### TASK TO CARRY OUT:
Please return only the lines from the one holding "Otro&scaron;ka majica z" through the one holding "Rolled Cuffs ✨", exactly as they appear in the records below, both ends included.

### SOURCE MATERIAL:
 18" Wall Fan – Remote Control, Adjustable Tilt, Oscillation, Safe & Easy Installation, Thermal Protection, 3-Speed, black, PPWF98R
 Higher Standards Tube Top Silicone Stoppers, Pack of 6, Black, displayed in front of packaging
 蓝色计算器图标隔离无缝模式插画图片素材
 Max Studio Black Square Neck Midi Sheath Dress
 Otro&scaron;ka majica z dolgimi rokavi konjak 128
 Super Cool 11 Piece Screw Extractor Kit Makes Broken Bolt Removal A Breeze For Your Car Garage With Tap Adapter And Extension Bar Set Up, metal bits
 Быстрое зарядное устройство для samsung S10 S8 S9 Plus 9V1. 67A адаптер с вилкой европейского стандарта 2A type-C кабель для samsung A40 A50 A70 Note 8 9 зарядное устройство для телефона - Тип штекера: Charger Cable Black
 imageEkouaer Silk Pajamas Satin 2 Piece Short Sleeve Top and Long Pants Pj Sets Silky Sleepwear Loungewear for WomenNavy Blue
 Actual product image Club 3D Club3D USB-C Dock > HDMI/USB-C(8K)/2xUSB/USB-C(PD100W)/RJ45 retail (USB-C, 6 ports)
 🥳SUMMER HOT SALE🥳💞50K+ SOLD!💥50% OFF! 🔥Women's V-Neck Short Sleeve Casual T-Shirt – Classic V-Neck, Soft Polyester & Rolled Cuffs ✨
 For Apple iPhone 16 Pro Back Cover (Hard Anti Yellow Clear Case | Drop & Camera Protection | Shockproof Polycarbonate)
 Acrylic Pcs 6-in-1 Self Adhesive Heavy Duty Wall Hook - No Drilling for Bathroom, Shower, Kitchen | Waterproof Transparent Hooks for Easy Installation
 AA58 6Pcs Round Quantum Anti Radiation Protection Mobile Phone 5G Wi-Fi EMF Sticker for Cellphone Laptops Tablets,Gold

### TASK RESULT:
 Otro&scaron;ka majica z dolgimi rokavi konjak 128
 Super Cool 11 Piece Screw Extractor Kit Makes Broken Bolt Removal A Breeze For Your Car Garage With Tap Adapter And Extension Bar Set Up, metal bits
 Быстрое зарядное устройство для samsung S10 S8 S9 Plus 9V1. 67A адаптер с вилкой европейского стандарта 2A type-C кабель для samsung A40 A50 A70 Note 8 9 зарядное устройство для телефона - Тип штекера: Charger Cable Black
 imageEkouaer Silk Pajamas Satin 2 Piece Short Sleeve Top and Long Pants Pj Sets Silky Sleepwear Loungewear for WomenNavy Blue
 Actual product image Club 3D Club3D USB-C Dock > HDMI/USB-C(8K)/2xUSB/USB-C(PD100W)/RJ45 retail (USB-C, 6 ports)
 🥳SUMMER HOT SALE🥳💞50K+ SOLD!💥50% OFF! 🔥Women's V-Neck Short Sleeve Casual T-Shirt – Classic V-Neck, Soft Polyester & Rolled Cuffs ✨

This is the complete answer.